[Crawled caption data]

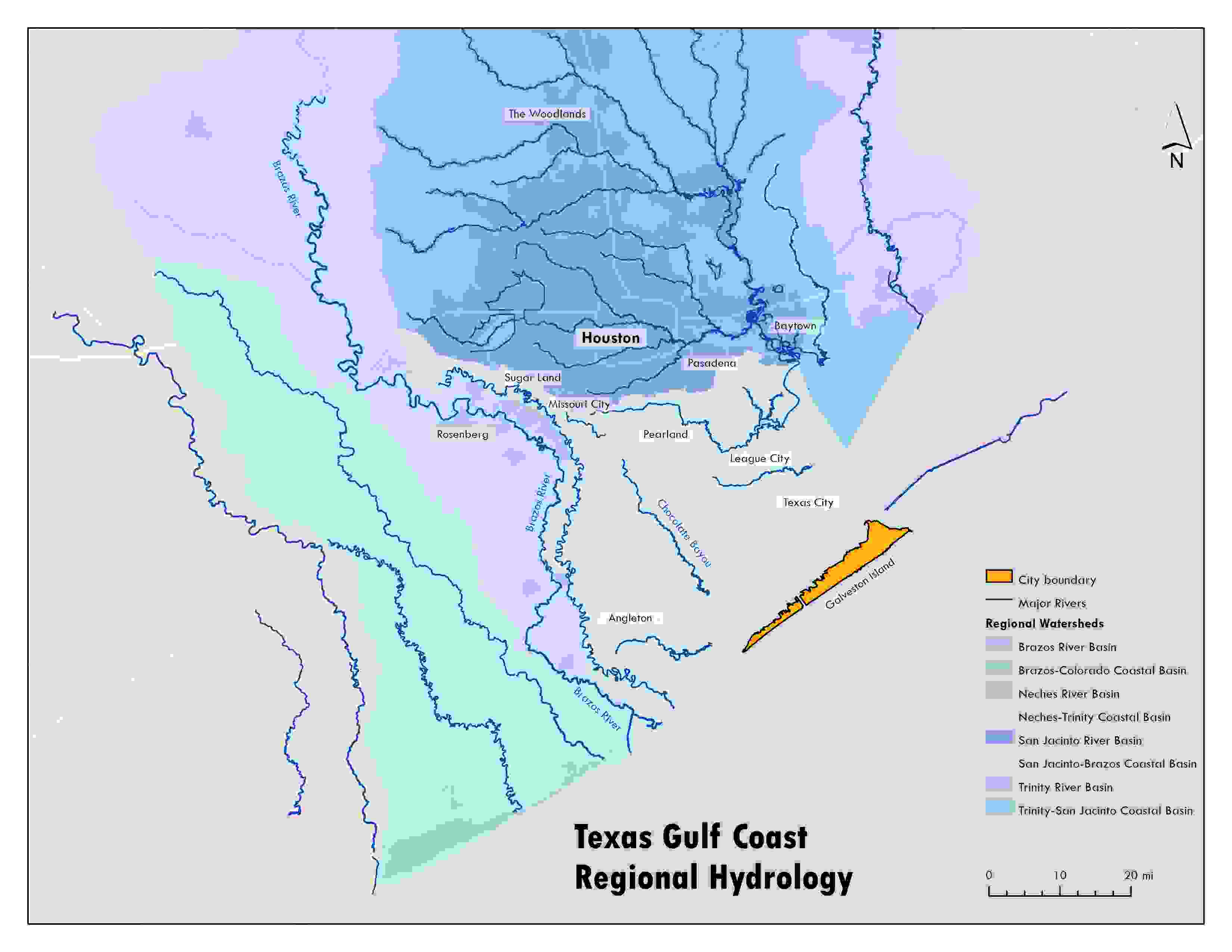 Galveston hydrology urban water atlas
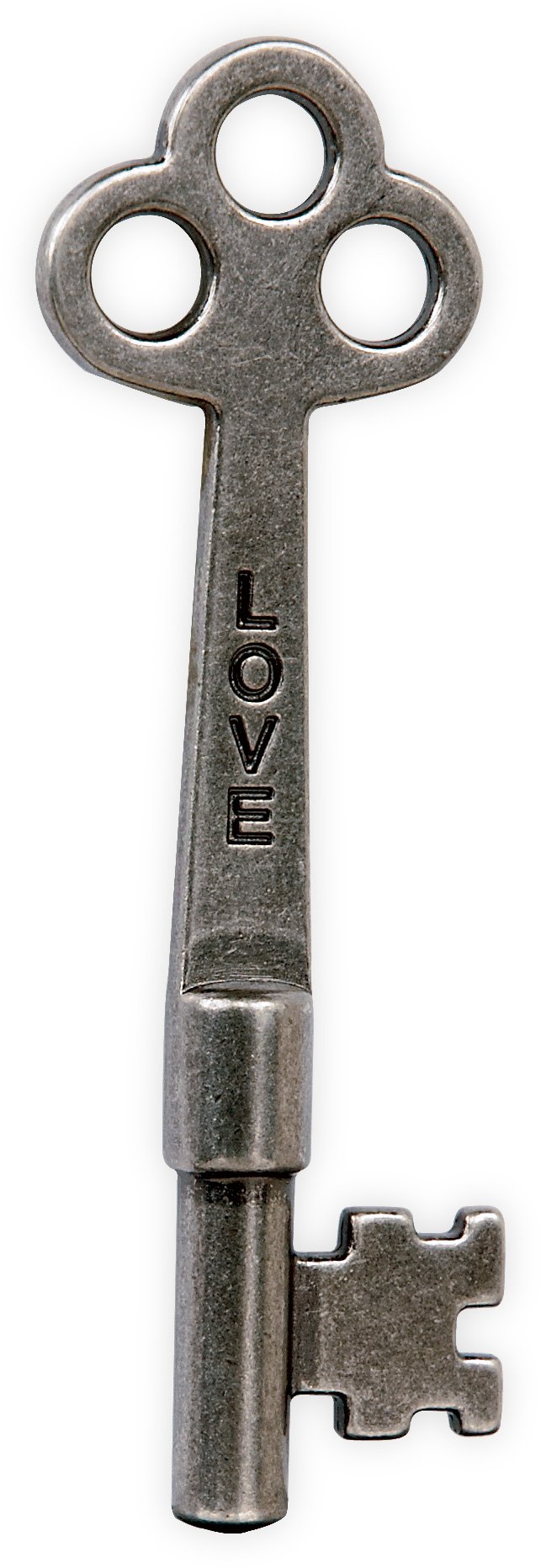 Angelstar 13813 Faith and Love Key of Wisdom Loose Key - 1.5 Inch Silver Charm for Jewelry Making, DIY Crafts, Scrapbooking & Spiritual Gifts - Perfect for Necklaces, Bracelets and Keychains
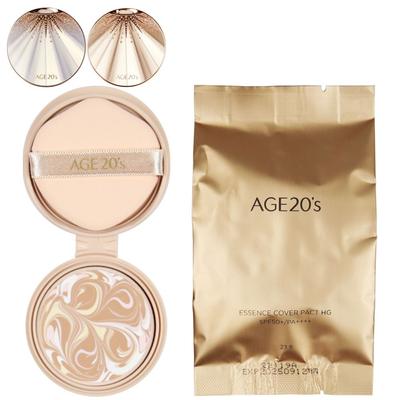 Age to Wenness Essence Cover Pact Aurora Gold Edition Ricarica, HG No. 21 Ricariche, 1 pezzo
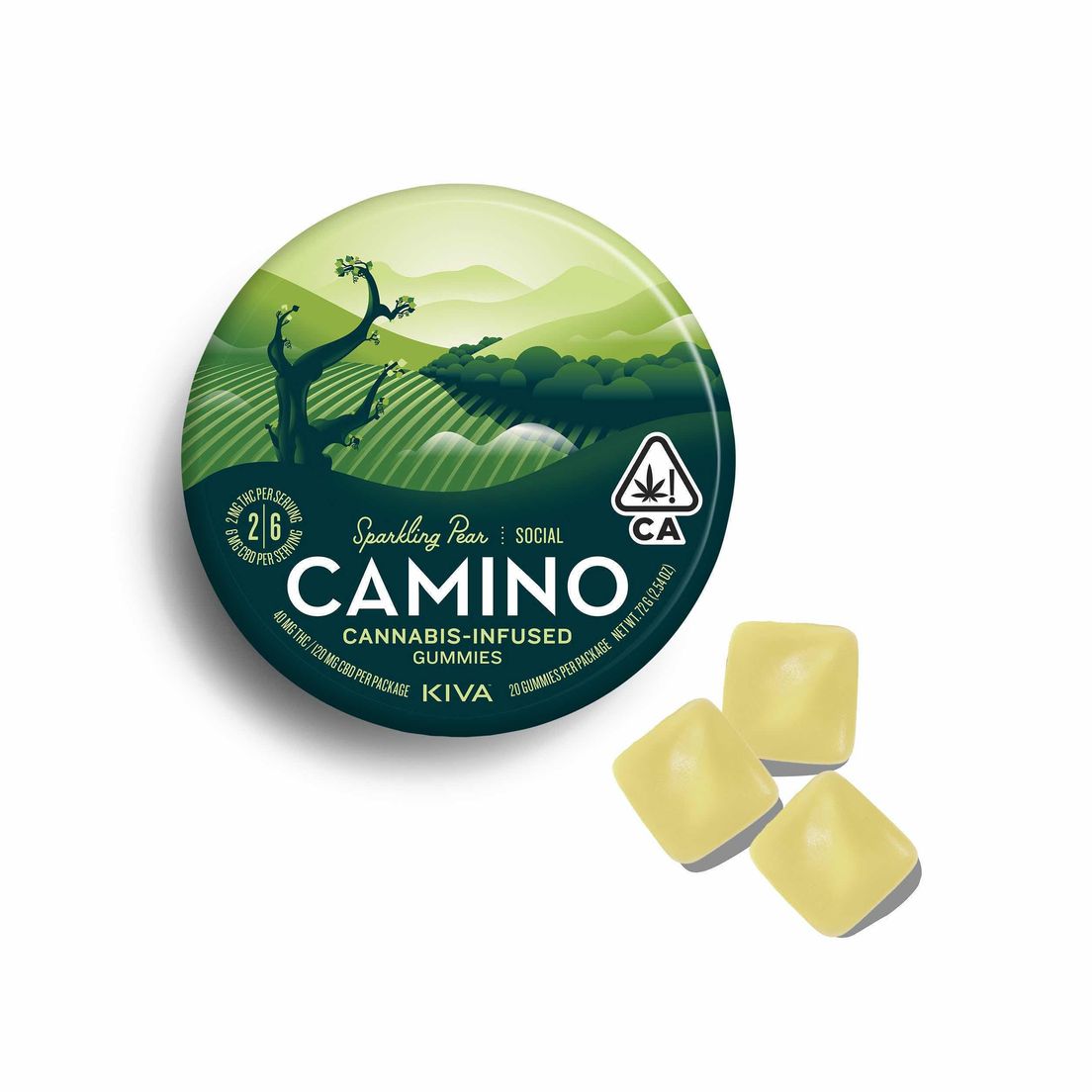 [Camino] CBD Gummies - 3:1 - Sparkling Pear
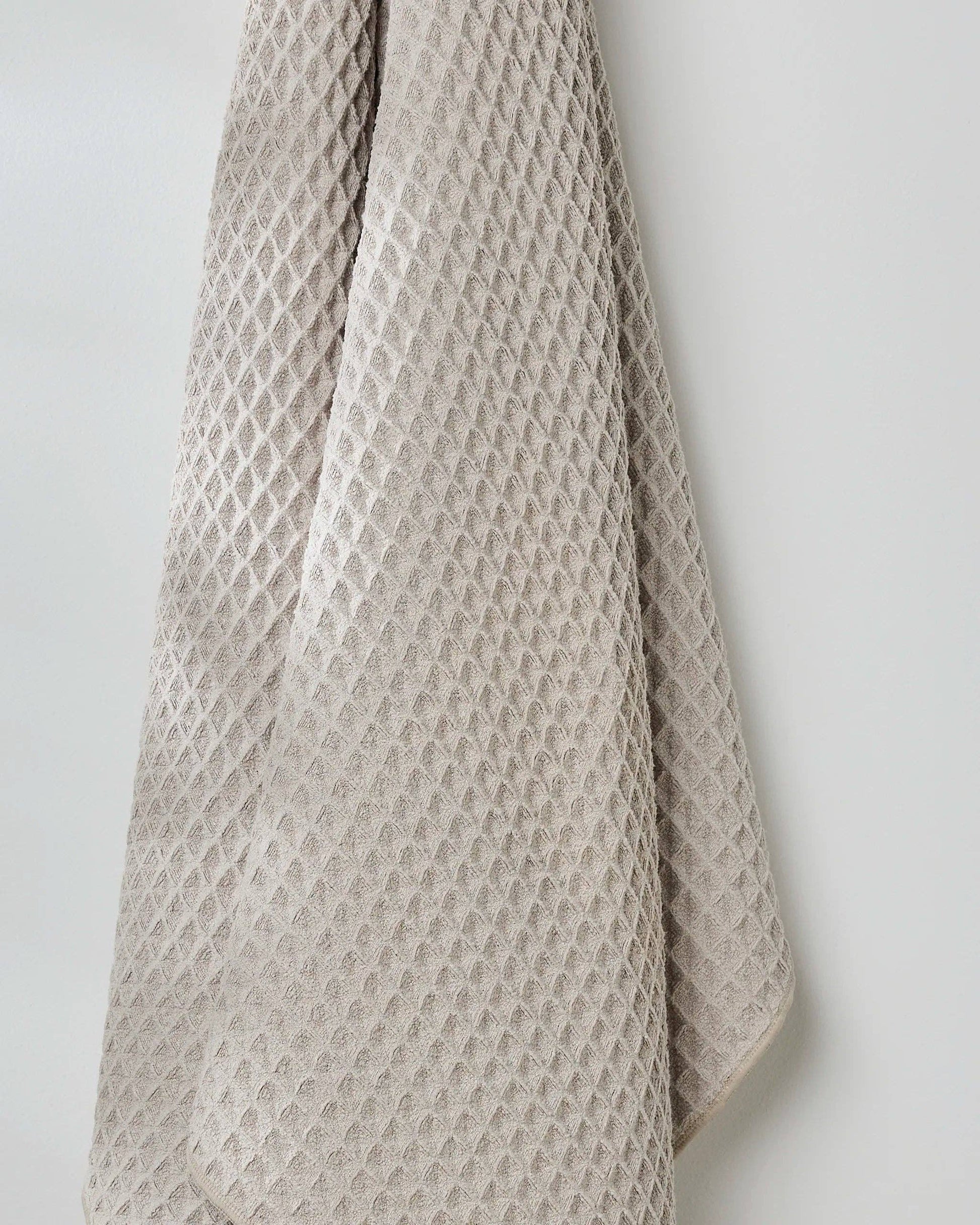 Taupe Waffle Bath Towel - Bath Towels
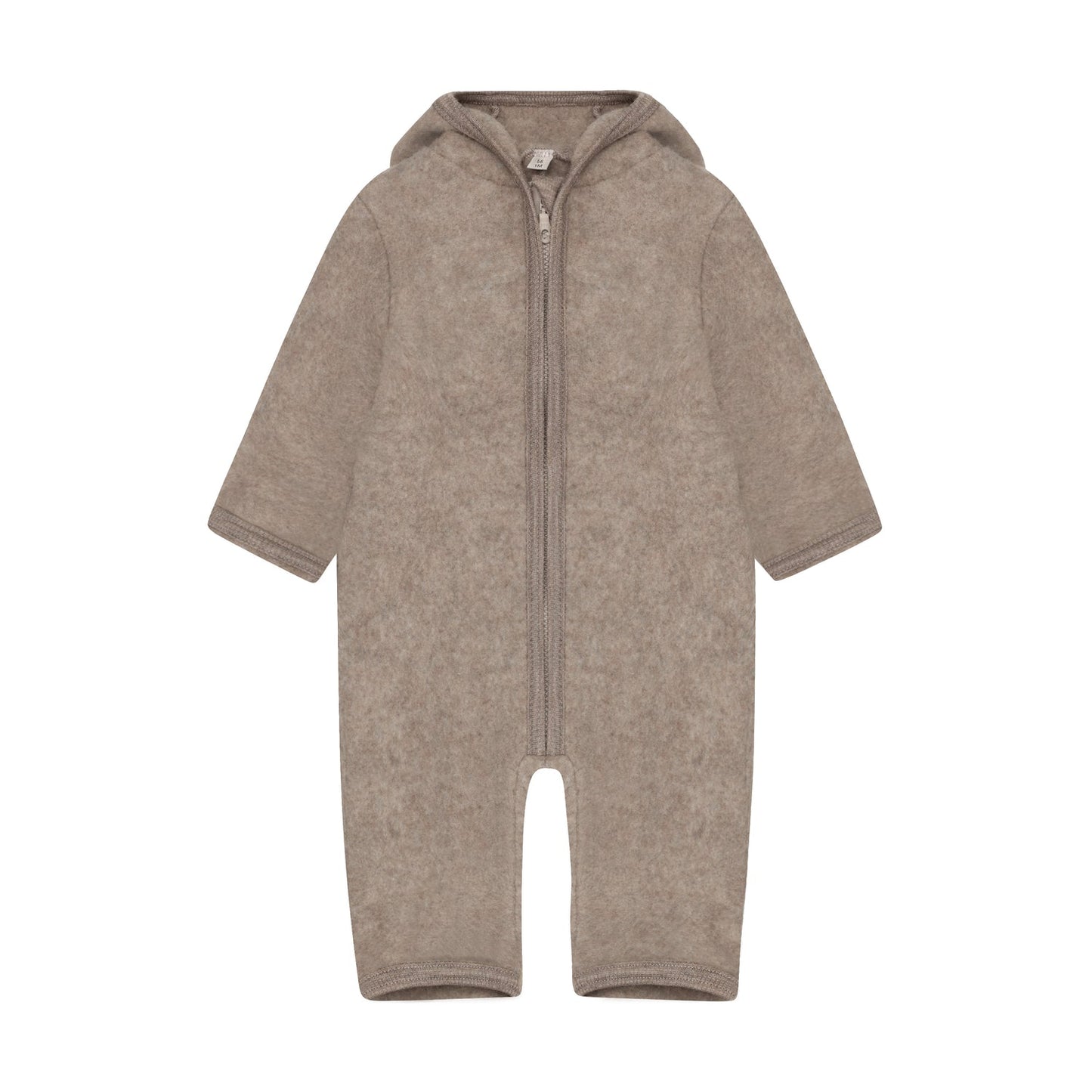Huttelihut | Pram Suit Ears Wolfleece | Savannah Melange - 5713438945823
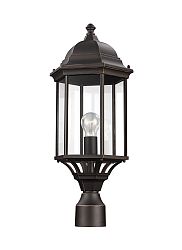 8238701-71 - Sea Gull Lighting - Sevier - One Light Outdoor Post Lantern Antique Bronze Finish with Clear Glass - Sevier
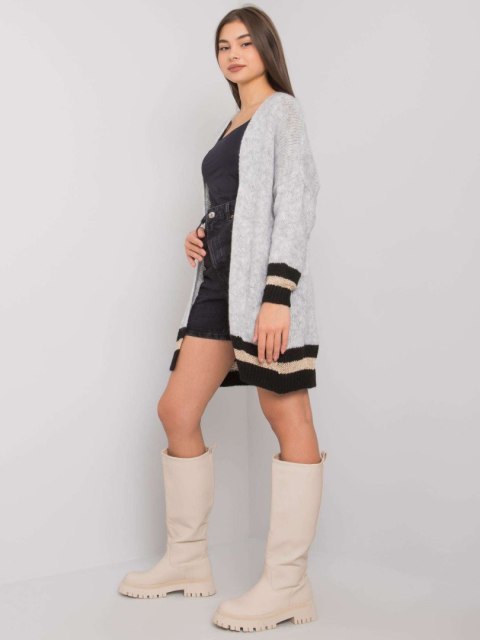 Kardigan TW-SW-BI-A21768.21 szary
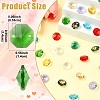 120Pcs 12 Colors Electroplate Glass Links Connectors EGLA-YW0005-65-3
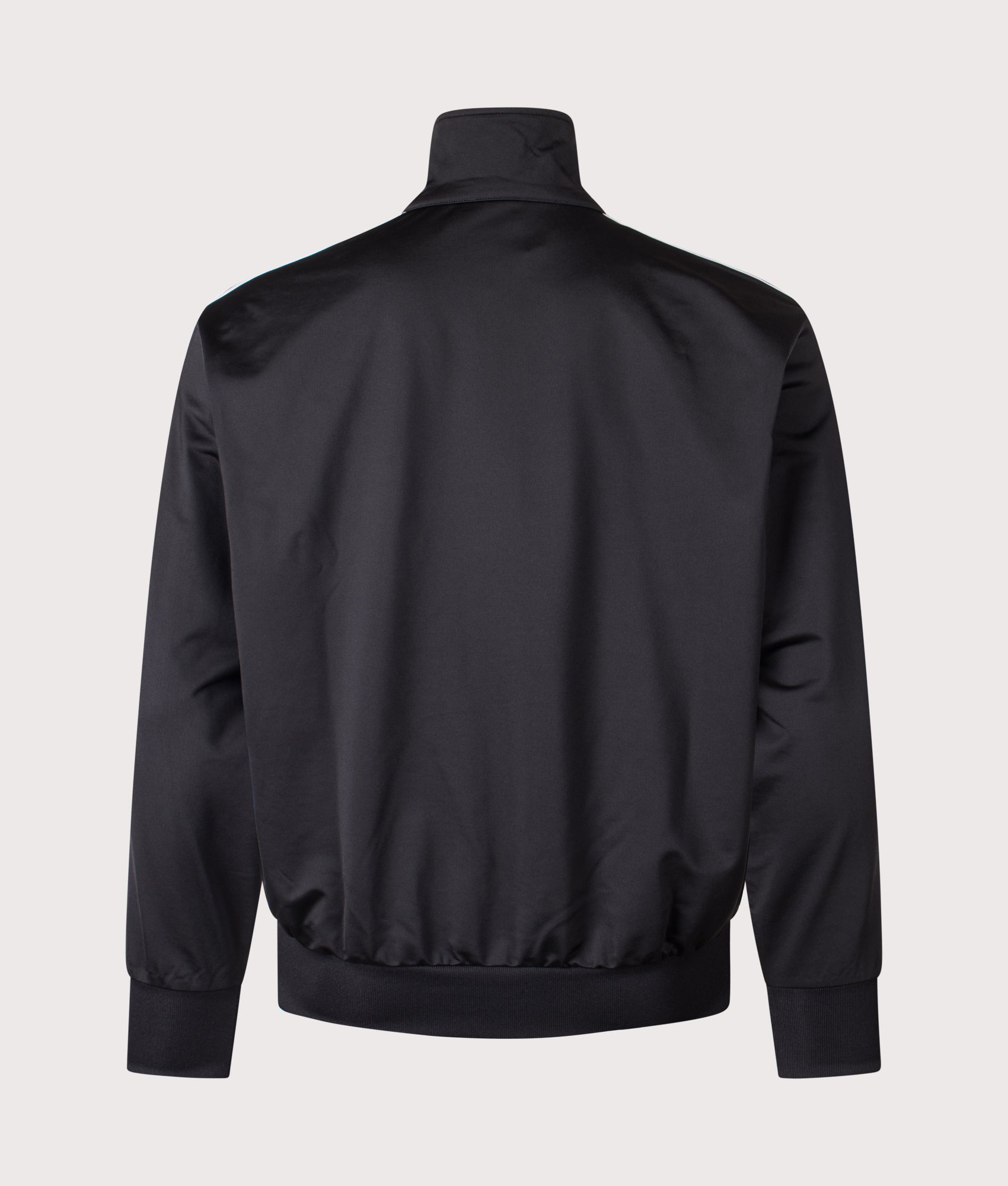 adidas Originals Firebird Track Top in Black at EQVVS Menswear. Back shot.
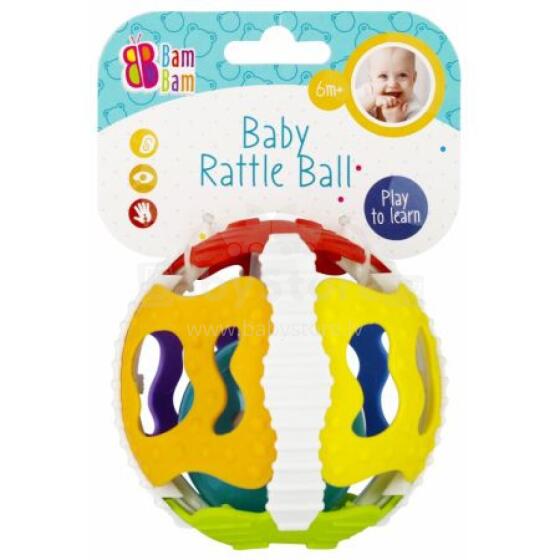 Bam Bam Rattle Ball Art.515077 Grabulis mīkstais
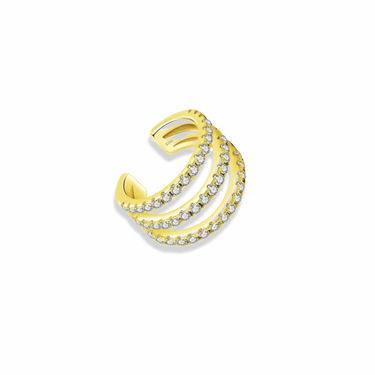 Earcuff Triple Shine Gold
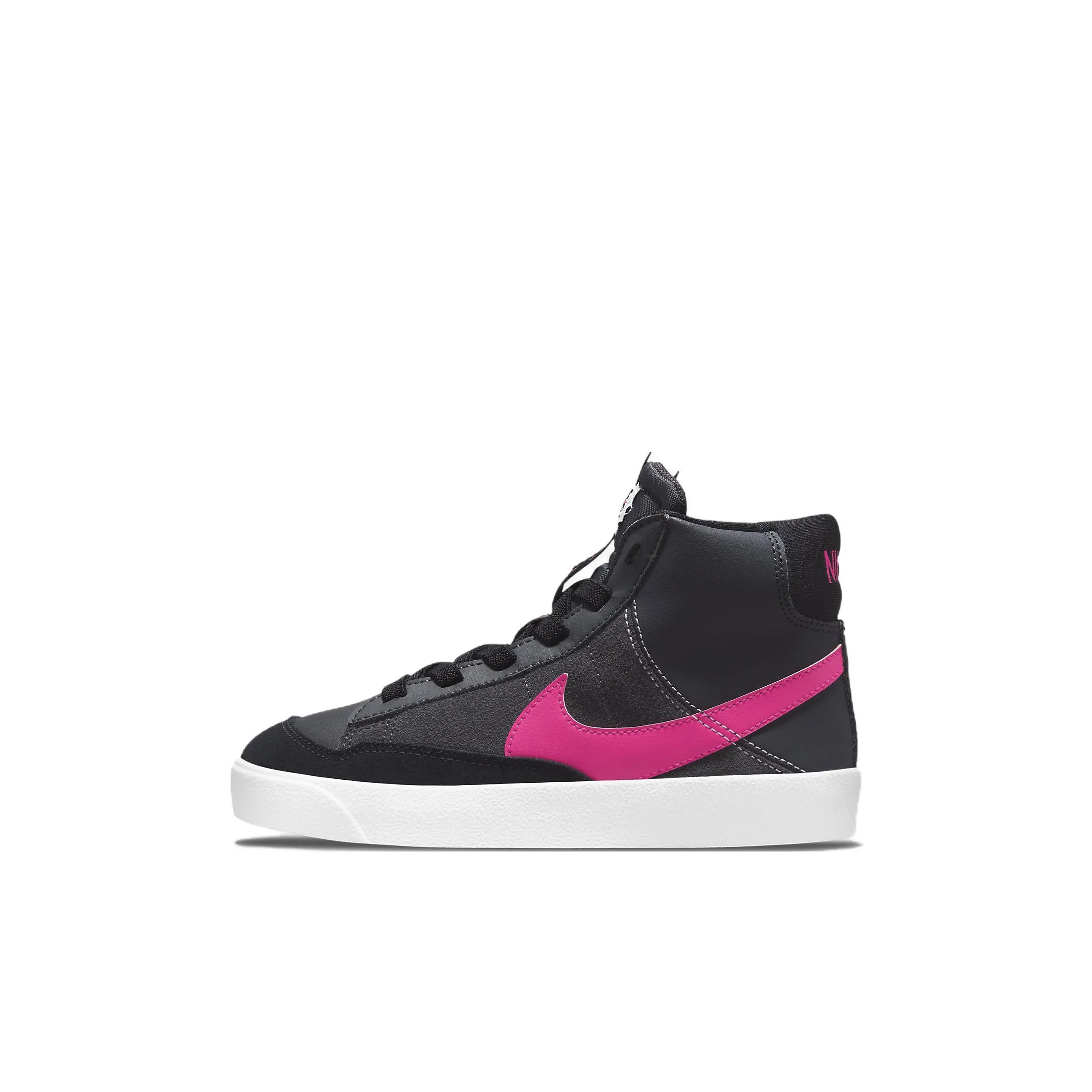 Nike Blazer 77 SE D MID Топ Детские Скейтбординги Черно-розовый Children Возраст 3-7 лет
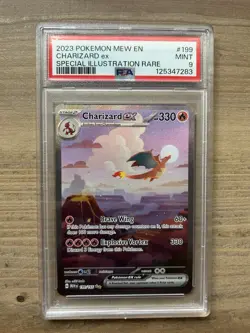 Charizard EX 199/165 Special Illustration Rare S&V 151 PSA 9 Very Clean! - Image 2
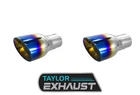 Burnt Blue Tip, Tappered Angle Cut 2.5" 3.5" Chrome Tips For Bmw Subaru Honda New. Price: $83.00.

_Brief_
Up to and including the line that holds "[Camino] CBD Gummies - 3:1 - Sparkling Pear", restate word for word each line of the records from their start, and only those lines, leaving out the pictures.

_Result of this task_
 Galveston hydrology urban water atlas
 Angelstar 13813 Faith and Love Key of Wisdom Loose Key - 1.5 Inch Silver Charm for Jewelry Making, DIY Crafts, Scrapbooking & Spiritual Gifts - Perfect for Necklaces, Bracelets and Keychains
 Age to Wenness Essence Cover Pact Aurora Gold Edition Ricarica, HG No. 21 Ricariche, 1 pezzo
 [Camino] CBD Gummies - 3:1 - Sparkling Pear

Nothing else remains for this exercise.